ÖĞRENCİLERİN ÜCRETLİ ÖĞRETMENLERE KARŞI TUTUMU

Ücretli öğretmenlerin işe başlamadan önce ‘ideal öğretmen olacağım’ düşüncesi, işe başladıktan sonra tam bir fiyaskoya dönüşüyor. Öğretmenlere, öğrencilerin onlara karşı nasıl davrandıkları sorulduğunda çok farklı cevaplar alındı. Bir başka öğretmen çalışmaya başladığı okulun ilk günü idareciler tarafından, öğrencilere ücretli öğretmenlik yaptığını söylememesi için uyarıldı. “Çalıştığım yerde öğrenciler ücretli olduğumu bilmiyorlar. Eğer bilselerdi bizi belli yere kadar sayar ve dinlerler. Fakat öğrencilerim herhangi bir ayrım yapmıyor. Bütün öğretmenlere karşı tutumları aynı” Dedi.

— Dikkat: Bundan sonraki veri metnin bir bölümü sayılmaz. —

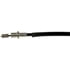 C660192 by DORMAN - Parking Brake Cable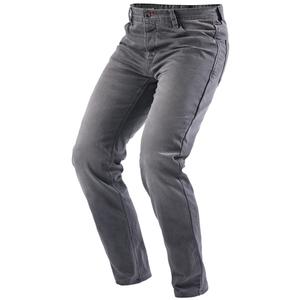Дънки Furygan D12 X Kevlar® Straight Grey за мотоциклети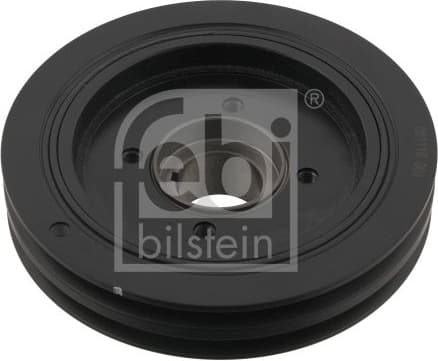 Belt Pulley, crankshaft 30408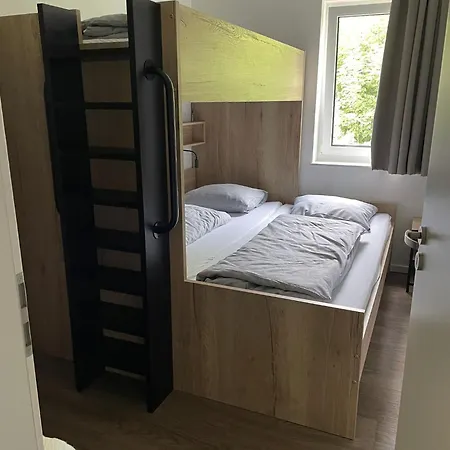 Lejlighed Uplandparcs *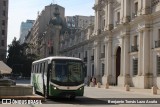 Carabineros de Chile B168 na cidade de Santiago, Santiago, Metropolitana de Santiago, Chile, por Benjamín Tomás Lazo Acuña. Número da foto: #12918072.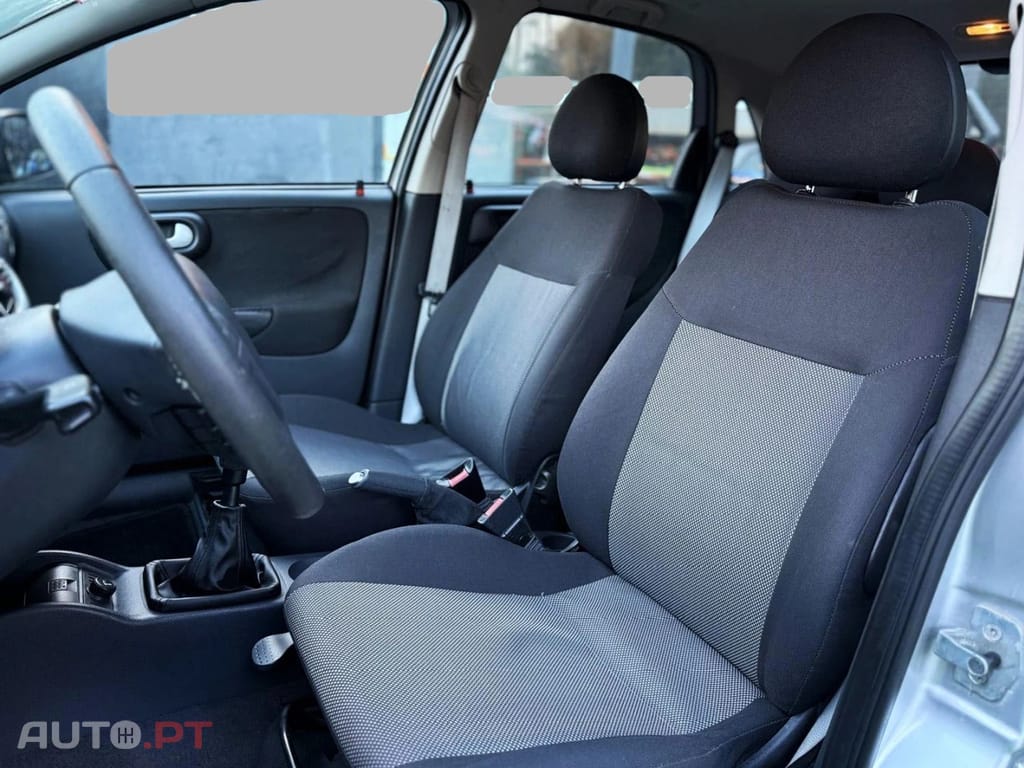 Opel Corsa 1.2 Twinport Enjoy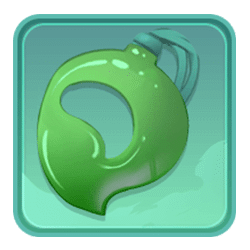 Icon 10 Elemental Princess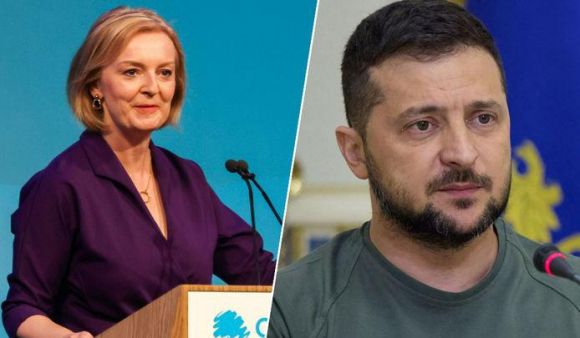 3 Thay Gi Khi Tan Thu Tuong Anh Dien Dam Voi Lanh Dao Nuoc Ngoai Dau Tien La Ong Zeleynsky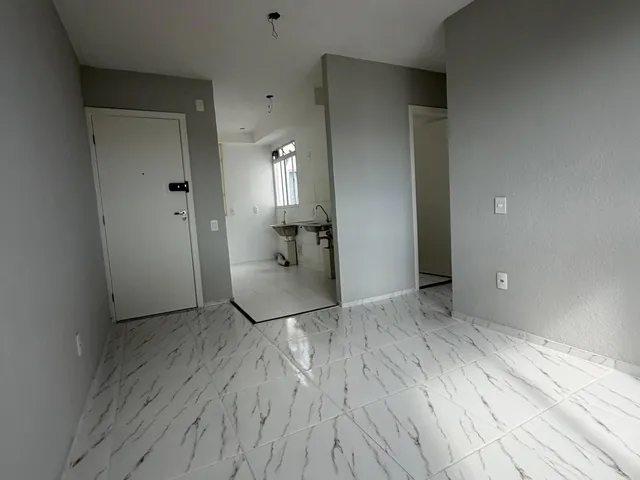 Imagem 5: Apartamento em Anchieta Condomínio Rio do Ouro I 2 Quartos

“EKONOMİK BEKLENTİLERİ KARŞILAMIYOR”

Ücretli öğretmenlik maaşlarının az olması öğretmenleri ekonomik açıdan zorluyor. Özellikle ailelerin bu konuda beklentilerinin yüksek olması ‘çocuğum o kadar okudu çok kazanacak’ düşüncesi öğretmenleri psikolojik olarak olumsuz etkiliyor. Ücretli öğretmen olarak görev yapan M.T “Ailemin beklentisini karşılayamıyorum. Bir araba almak istediğimde başka bir yere yatırım yapamayıp borç ödüyorum. Aileme yeteri kadar destek çıkamadığım için üzülüyorum bir yere bağlı kalmak elbet biraz zorluyor. Kendi branşı olmayan öğretmenlerin farklı derslere girmesi öğrencilere pek bir fayda sağlamıyor. Bu yüzden ücretli öğretmenliğin kesinlikle kaldırılması gerekiyor. Onun yerine düzgün bir sistem oluşturulmalı ve devamlı atamalar yapılmalı zamanı ve yaşı gelen öğretmenler emekliye ayrılsa böyle bir uygulamaya gerek kalmaz. Eğer böyle bir uygulamaya devam edilecekse bile bütün öğretmen ve öğrencilerin eşit statü ve hakka sahip olacağı bir düzen oluşturulmalı.” Şeklinde konuştu.